In [54]:
from importlib.metadata import version

print('tiktoken version:', version('tiktoken'))
print('torch version:', version('torch'))

tiktoken version: 0.7.0
torch version: 2.2.2


## Tokenizing Text

In [55]:
import os
import urllib.request

if not os.path.exists('data/t8.shakespeare.txt'):
    url = ("https://ocw.mit.edu/ans7870/6/6.006/s08/lecturenotes/files/t8.shakespeare.txt")
    file_path = 'data/t8.shakespeare.txt'
    urllib.request.urlretrieve(url, file_path)

In [56]:
with open('data/t8.shakespeare.txt', 'r') as file:
    text = file.read()
    

print('Total number of characters:', len(text))
print('First 100 characters:', text[:100])

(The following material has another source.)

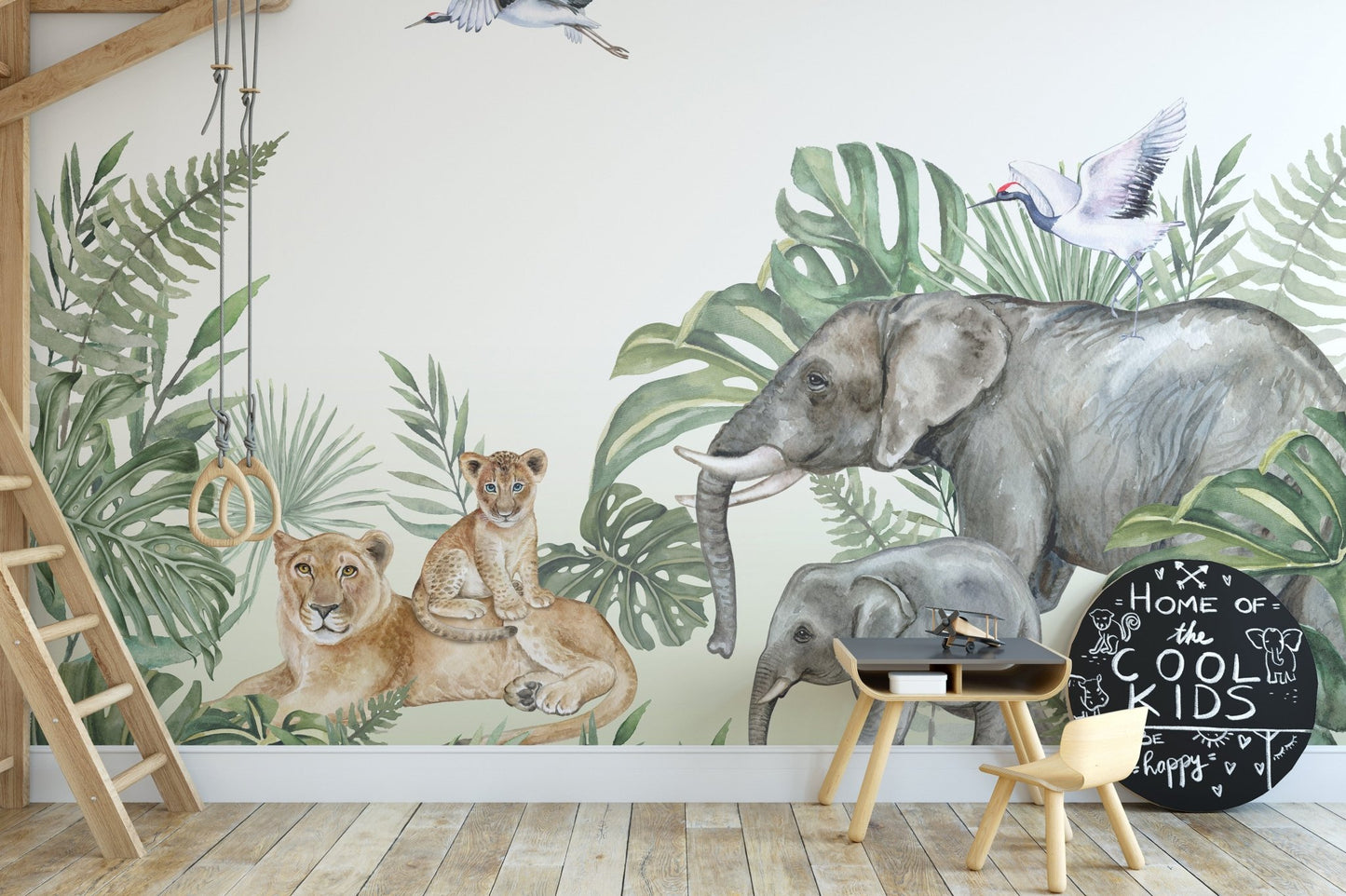 Jungle animal wall mural in a playroom with a swing and wooden stool.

Total number of characters: 5458199
First 100 characters: This is the 100th Etext file presented by Project Gutenberg, and
is presented in cooperation with Wo


- The goal of tokenization is to split a text into words, phrases, symbols, or other meaningful elements, which are called tokens.

In [57]:
import re

# remove , . \n and convert to lowercase
preprocessed = re.split(r'([,.:;?_!"()\']|--|\s)', text)
preprocessed = [item.strip() for item in preprocessed if item.strip()]
print(preprocessed[:30])



['This', 'is', 'the', '100th', 'Etext', 'file', 'presented', 'by', 'Project', 'Gutenberg', ',', 'and', 'is', 'presented', 'in', 'cooperation', 'with', 'World', 'Library', ',', 'Inc', '.', ',', 'from', 'their', 'Library', 'of', 'the', 'Future', 'and']


In [58]:
print('Total number of words:', len(preprocessed))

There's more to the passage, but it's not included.